Dans un courrier du 16 juin 2016, l’intersyndicale demande à Marisol Touraine le rétablissement des clauses de désignation en prévoyance. Pensez-vous que cela puisse aboutir ?
C’est un débat qui oppose d’une certaine manière le droit du travail et le droit de la concurrence. La protection sociale fait partie intégrante des éléments de rémunération différée, et donc de la politique d’attractivité et de fidélisation des talents d’une entreprise comme d’une branche professionnelle.
Quelle est la spécificité du risque prévoyance ?

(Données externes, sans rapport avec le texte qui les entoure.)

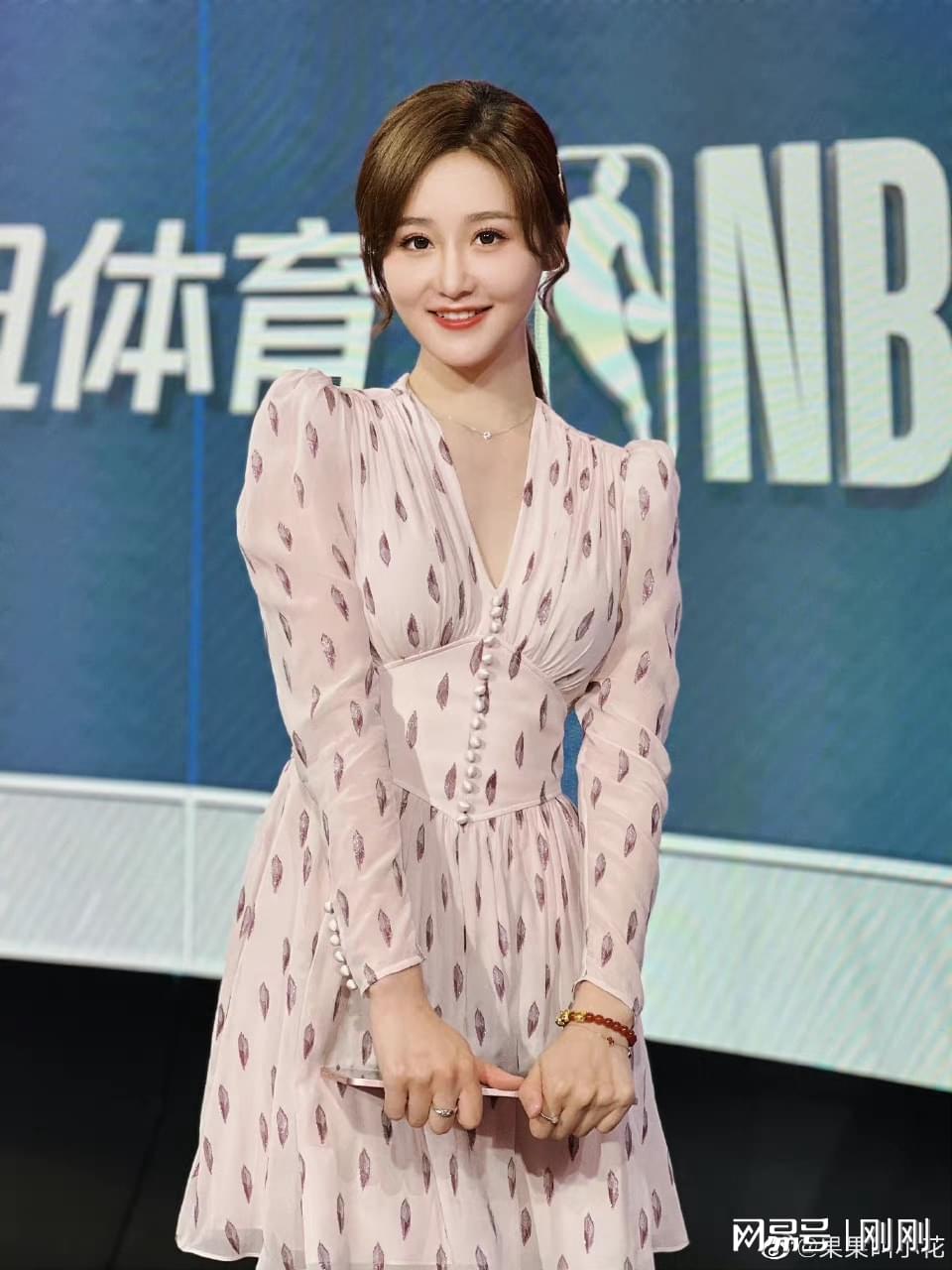 nba果果为什么这么火(NBA美女主播果果)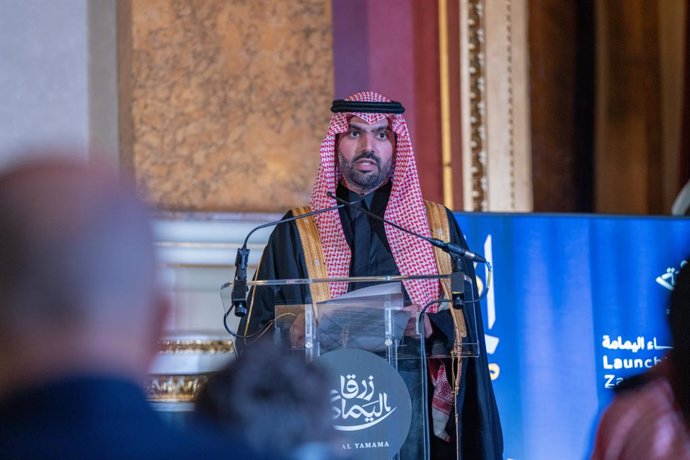 His Highness Prince Badr bin Abdullah bin Mohammed bin Farhan Al Saud, the Kingdom of Saudi Arabia's Minister of Culture, unveils Zarqa Al Yamama at launch event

Contrairement au risque santé, la prévoyance est un risque long, avec une occurrence faible des sinistres mais impliquant des coûts élevés. La mutualisation ne peut donc se faire que sur une population de taille conséquente. Sur un marché de libre concurrence, une grande entreprise, du fait du nombre de ses collaborateurs, va pouvoir bénéficier d’un régime de couverture et d’un tarif spécifiques. En revanche, le rapport est inégal entre un assureur et une petite entreprise de quelques salariés qui va se voir proposer une couverture à un tarif standard, forfaitairement majoré si elle présente certaines caractéristiques, donc parfois élevé, sans vraiment pouvoir faire jouer la concurrence. Par ailleurs, deux entreprises d’un même secteur peuvent obtenir un régime identique à des tarifs différents auprès du même assureur (en raison de critères géographiques, d’âge des salariés, etc.). La mutualisation professionnelle homogénéise garanties et coût de la protection sociale au sein d’une branche et évite les distorsions de concurrence. Elle permet également à la branche de financer, grâce aux excédents du régime, des actions de prévention ciblées sur des pathologies propres à la population d’une même profession.